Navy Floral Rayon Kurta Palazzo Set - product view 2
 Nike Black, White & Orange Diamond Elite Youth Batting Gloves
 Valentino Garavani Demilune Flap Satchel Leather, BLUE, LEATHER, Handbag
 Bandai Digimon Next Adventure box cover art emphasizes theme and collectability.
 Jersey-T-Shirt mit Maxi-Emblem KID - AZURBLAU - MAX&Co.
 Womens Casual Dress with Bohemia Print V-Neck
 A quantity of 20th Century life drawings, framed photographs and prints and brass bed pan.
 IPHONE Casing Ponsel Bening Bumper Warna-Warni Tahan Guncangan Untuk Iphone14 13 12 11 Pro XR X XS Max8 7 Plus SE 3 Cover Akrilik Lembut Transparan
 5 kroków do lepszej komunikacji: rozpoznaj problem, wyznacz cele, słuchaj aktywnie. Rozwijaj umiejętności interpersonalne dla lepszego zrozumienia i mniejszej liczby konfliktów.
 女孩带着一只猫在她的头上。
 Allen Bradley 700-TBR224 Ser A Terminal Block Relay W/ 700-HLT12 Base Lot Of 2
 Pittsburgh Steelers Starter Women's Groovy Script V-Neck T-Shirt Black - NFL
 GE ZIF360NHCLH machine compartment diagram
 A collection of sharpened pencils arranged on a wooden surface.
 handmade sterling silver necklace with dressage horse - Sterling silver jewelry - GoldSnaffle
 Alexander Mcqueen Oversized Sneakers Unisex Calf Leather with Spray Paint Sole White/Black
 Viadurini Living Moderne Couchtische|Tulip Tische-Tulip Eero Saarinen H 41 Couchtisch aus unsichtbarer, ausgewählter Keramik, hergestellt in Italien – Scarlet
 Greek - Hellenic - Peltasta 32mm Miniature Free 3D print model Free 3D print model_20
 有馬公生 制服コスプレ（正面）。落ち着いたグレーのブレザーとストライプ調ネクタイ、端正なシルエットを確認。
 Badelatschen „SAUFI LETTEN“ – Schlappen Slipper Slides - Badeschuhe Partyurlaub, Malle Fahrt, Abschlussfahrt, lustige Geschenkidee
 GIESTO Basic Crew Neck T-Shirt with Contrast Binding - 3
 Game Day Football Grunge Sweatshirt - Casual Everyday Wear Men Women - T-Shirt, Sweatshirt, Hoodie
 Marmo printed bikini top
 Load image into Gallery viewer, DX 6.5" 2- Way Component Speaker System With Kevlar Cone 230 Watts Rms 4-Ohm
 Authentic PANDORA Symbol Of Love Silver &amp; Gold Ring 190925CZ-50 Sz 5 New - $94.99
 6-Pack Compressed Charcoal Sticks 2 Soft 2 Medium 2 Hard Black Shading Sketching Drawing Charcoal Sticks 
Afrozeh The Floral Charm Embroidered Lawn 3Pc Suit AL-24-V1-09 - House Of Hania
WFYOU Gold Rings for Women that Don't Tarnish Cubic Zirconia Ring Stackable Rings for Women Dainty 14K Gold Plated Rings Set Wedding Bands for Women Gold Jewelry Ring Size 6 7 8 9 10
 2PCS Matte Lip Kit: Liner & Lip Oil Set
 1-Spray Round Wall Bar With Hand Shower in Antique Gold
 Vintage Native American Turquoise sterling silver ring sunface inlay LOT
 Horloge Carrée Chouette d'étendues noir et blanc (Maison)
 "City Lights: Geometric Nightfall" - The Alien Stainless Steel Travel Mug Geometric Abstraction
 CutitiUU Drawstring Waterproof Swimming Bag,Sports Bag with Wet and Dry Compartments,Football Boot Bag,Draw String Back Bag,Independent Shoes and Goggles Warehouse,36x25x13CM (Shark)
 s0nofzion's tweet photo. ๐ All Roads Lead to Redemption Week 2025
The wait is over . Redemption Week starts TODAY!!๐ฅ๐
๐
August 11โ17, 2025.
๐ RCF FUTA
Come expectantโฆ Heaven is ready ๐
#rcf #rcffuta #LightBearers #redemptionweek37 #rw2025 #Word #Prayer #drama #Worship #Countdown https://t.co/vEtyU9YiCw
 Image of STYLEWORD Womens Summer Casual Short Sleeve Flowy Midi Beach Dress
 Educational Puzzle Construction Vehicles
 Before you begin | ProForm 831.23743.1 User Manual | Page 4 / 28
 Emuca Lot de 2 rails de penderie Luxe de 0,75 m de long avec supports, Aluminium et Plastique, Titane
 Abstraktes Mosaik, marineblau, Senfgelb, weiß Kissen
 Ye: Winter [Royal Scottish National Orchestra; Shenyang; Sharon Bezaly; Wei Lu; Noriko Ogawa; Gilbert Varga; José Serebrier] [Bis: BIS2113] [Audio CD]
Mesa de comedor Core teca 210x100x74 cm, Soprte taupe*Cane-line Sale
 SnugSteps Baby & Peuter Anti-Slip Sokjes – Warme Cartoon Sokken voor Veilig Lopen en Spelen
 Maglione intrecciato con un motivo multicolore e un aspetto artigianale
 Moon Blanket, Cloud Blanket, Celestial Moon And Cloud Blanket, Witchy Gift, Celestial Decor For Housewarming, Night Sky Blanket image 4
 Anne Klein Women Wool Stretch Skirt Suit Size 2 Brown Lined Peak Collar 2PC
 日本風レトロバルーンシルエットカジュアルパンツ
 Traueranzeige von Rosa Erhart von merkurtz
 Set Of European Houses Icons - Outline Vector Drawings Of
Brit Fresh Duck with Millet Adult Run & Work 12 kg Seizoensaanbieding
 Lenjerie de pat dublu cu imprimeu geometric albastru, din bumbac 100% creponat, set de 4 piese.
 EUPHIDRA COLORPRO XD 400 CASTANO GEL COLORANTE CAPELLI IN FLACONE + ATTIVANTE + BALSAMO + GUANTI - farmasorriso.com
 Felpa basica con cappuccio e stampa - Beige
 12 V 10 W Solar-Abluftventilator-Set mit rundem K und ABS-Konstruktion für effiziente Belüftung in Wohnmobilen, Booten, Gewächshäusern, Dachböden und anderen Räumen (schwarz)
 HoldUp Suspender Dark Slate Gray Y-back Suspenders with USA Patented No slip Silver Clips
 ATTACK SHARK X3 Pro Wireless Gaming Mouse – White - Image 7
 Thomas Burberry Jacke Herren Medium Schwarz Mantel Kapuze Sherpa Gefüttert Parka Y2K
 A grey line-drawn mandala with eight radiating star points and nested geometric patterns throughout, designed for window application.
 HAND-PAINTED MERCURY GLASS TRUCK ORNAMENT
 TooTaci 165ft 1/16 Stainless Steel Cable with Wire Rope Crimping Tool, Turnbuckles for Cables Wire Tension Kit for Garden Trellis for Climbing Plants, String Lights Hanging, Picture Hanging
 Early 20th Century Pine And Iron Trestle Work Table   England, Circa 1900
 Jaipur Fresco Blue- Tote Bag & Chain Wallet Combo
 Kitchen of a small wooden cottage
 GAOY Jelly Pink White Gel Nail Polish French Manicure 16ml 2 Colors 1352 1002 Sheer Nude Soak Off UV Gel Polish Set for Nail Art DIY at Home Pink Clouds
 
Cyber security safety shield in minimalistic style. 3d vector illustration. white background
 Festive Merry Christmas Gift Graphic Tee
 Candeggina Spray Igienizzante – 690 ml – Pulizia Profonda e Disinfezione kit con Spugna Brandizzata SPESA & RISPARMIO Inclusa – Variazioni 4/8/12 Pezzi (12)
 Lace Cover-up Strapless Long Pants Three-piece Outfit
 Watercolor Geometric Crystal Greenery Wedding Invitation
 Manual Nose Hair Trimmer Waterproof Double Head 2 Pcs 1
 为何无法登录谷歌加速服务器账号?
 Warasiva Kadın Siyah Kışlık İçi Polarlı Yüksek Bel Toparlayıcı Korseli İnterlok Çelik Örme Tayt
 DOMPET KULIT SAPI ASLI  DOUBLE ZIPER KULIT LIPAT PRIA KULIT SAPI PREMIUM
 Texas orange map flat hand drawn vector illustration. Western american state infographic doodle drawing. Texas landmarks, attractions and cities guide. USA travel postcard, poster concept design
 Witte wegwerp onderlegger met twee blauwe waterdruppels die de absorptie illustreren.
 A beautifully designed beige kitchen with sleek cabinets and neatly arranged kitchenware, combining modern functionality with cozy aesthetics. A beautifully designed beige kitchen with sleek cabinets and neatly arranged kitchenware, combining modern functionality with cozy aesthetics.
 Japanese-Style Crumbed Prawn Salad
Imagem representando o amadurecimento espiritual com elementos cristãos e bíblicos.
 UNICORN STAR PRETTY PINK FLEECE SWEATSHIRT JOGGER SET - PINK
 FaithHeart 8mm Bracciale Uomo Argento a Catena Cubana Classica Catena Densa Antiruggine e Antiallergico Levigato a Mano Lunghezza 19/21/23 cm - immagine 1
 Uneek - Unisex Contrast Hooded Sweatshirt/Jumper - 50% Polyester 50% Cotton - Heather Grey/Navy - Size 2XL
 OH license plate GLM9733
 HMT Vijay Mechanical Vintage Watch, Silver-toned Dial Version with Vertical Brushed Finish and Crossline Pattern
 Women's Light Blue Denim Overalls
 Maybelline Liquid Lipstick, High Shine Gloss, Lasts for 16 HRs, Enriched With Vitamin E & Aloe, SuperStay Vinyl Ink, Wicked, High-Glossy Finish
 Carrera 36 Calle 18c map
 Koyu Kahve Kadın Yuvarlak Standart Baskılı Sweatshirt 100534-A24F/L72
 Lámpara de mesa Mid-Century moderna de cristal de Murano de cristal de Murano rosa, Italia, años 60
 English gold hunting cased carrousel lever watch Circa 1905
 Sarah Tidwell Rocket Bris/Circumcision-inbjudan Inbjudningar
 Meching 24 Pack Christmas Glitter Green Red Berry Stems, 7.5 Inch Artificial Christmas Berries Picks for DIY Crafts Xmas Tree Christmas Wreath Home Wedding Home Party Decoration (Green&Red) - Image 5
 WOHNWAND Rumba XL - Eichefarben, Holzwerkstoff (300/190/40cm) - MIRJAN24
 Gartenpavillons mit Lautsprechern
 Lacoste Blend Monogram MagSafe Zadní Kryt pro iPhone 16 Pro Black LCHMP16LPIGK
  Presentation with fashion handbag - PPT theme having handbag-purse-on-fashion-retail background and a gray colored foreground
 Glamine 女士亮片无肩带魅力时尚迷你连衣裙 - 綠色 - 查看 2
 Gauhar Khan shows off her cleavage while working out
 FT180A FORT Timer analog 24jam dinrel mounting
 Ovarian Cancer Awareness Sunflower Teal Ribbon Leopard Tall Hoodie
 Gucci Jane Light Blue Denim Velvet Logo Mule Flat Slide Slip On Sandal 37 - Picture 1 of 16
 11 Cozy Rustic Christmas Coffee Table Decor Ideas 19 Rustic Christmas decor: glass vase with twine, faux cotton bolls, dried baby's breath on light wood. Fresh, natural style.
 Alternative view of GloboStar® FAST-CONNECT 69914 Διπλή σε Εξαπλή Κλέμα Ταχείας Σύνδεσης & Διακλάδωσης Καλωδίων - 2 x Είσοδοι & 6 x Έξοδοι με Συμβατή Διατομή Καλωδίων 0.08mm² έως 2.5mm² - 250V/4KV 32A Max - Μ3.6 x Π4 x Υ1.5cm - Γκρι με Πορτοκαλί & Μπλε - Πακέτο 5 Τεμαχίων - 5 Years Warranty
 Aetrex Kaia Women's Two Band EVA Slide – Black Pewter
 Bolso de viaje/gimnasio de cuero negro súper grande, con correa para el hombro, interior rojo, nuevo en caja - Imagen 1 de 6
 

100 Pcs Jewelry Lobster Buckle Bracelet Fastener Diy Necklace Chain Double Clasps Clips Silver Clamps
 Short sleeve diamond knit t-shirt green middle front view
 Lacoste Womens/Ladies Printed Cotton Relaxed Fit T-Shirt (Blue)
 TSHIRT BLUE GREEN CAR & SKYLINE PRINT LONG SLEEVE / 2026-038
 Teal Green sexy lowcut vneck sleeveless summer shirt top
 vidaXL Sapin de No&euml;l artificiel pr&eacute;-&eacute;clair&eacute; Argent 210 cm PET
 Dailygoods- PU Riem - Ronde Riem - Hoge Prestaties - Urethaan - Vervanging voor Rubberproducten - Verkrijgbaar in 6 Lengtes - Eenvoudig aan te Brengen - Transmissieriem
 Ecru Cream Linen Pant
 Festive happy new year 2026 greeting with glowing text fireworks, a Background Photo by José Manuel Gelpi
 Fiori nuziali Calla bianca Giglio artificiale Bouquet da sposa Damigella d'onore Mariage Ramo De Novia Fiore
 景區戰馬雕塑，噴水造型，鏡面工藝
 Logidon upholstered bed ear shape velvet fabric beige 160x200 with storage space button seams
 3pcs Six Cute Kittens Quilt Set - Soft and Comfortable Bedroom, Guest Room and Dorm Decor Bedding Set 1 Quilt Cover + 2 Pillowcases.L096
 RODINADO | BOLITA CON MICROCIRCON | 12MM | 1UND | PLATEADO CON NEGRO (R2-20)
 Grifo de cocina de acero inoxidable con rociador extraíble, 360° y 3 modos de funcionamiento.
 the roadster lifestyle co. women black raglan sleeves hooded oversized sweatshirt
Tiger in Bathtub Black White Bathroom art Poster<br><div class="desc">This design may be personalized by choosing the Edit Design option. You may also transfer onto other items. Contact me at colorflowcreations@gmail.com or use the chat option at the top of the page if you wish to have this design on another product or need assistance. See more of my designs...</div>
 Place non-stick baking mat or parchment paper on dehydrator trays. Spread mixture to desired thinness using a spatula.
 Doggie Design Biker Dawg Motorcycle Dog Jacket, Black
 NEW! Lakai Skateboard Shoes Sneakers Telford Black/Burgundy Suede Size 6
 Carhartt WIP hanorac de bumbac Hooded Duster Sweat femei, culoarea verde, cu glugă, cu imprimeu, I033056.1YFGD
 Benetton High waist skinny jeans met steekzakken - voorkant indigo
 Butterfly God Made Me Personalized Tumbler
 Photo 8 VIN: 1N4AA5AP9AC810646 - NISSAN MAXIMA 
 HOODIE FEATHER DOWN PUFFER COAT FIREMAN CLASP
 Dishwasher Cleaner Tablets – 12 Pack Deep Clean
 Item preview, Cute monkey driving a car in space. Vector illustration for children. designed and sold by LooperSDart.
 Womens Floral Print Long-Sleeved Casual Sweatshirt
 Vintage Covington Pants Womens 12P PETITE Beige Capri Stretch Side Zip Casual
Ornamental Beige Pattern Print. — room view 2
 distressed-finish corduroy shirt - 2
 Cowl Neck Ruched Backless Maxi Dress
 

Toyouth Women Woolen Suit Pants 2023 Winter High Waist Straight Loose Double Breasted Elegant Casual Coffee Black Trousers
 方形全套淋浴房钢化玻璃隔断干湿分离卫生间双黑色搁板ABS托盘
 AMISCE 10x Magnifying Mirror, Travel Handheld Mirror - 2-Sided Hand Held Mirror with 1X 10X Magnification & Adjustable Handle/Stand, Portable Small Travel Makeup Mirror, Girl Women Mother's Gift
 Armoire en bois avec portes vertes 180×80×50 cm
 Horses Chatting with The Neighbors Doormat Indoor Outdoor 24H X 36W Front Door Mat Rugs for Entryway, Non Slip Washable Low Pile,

------------------------------------

→ **WHAT IS NEEDED**: Look above for the line that contains "为何无法登录谷歌加速服务器账号?". Starting there, transcribe every line exactly until you have copied the line that contains "UNICORN STAR PRETTY".

→ **SOLUTION TO THIS EXERCISE**:
 为何无法登录谷歌加速服务器账号?
 Warasiva Kadın Siyah Kışlık İçi Polarlı Yüksek Bel Toparlayıcı Korseli İnterlok Çelik Örme Tayt
 DOMPET KULIT SAPI ASLI  DOUBLE ZIPER KULIT LIPAT PRIA KULIT SAPI PREMIUM
 Texas orange map flat hand drawn vector illustration. Western american state infographic doodle drawing. Texas landmarks, attractions and cities guide. USA travel postcard, poster concept design
 Witte wegwerp onderlegger met twee blauwe waterdruppels die de absorptie illustreren.
 A beautifully designed beige kitchen with sleek cabinets and neatly arranged kitchenware, combining modern functionality with cozy aesthetics. A beautifully designed beige kitchen with sleek cabinets and neatly arranged kitchenware, combining modern functionality with cozy aesthetics.
 Japanese-Style Crumbed Prawn Salad
Imagem representando o amadurecimento espiritual com elementos cristãos e bíblicos.
 UNICORN STAR PRETTY PINK FLEECE SWEATSHIRT JOGGER SET - PINK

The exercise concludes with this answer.